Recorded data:

++++++++

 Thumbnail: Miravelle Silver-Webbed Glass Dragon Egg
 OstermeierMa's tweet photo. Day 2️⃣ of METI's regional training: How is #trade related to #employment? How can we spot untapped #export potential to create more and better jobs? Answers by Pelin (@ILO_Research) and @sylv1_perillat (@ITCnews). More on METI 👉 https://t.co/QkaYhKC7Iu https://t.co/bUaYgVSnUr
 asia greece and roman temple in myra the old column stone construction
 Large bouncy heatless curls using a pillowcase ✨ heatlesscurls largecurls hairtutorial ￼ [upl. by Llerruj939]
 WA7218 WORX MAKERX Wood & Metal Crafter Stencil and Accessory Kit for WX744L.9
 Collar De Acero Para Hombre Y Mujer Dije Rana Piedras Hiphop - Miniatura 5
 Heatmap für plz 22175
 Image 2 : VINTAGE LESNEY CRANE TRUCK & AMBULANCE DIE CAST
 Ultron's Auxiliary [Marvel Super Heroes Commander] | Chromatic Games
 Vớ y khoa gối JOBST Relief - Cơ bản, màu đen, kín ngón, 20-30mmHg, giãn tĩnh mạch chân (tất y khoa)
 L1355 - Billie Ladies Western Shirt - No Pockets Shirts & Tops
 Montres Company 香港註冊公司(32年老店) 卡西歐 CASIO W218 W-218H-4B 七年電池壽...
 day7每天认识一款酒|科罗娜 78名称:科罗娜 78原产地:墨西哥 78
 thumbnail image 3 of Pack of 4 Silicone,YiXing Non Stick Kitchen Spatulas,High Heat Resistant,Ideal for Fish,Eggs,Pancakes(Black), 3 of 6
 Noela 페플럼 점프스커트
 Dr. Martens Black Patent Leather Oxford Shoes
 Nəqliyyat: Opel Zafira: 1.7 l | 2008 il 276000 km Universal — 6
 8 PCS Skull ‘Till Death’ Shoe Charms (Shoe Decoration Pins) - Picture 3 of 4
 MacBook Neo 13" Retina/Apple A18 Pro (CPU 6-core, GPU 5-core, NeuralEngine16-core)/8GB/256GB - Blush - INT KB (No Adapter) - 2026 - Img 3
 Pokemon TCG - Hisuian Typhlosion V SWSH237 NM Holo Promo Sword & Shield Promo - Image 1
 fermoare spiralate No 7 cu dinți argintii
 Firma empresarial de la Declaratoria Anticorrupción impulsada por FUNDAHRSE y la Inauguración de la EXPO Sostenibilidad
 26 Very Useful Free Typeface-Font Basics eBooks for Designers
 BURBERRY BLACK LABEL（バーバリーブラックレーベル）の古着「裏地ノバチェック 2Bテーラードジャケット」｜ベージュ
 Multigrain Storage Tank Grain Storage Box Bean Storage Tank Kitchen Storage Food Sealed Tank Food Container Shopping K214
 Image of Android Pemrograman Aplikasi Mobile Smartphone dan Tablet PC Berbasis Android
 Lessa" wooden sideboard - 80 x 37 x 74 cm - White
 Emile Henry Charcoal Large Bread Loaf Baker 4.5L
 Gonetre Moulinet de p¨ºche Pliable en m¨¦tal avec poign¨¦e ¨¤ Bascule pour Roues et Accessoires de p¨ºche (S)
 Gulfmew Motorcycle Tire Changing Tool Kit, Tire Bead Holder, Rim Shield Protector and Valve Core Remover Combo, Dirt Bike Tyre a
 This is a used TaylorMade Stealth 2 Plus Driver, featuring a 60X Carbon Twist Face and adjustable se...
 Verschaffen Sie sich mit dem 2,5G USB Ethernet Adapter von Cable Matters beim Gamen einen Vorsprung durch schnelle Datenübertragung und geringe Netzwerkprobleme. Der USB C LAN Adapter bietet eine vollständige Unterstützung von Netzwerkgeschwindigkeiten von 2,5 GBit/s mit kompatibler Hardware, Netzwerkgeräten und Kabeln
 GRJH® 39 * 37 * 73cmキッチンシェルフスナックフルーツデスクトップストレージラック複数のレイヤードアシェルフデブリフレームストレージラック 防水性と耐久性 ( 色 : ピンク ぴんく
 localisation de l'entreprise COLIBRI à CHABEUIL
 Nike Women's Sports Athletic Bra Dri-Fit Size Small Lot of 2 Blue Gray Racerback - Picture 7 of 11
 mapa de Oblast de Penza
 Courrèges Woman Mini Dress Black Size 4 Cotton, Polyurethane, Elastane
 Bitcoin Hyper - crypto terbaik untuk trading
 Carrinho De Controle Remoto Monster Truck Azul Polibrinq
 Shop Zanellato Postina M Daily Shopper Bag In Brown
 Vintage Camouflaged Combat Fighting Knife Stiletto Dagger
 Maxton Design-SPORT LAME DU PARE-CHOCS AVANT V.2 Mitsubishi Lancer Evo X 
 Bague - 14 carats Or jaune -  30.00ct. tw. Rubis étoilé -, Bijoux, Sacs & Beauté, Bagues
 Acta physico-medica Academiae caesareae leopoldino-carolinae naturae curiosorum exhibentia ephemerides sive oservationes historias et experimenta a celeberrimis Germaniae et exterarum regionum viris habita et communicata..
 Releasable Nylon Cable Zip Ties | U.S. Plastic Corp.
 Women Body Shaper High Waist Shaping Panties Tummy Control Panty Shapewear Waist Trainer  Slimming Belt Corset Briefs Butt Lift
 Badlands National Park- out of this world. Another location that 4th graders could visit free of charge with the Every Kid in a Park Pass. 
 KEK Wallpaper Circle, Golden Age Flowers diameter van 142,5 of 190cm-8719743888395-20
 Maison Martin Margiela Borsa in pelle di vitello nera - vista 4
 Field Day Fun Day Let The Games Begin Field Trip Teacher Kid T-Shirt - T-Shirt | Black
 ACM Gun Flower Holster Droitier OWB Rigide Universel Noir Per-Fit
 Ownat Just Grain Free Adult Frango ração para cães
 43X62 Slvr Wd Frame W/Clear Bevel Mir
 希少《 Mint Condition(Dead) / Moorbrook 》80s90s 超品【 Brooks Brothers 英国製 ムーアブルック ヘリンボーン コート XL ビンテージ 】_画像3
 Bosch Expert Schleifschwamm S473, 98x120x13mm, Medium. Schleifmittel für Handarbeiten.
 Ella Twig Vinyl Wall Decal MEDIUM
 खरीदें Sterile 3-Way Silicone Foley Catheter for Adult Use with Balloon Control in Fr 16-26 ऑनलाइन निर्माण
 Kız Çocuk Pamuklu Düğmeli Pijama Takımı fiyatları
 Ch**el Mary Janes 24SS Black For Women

++++++++

Problem to solve – Only the lines with "Grain" are needed; find them in the records and copy each one.

Response –
 Multigrain Storage Tank Grain Storage Box Bean Storage Tank Kitchen Storage Food Sealed Tank Food Container Shopping K214
 Ownat Just Grain Free Adult Frango ração para cães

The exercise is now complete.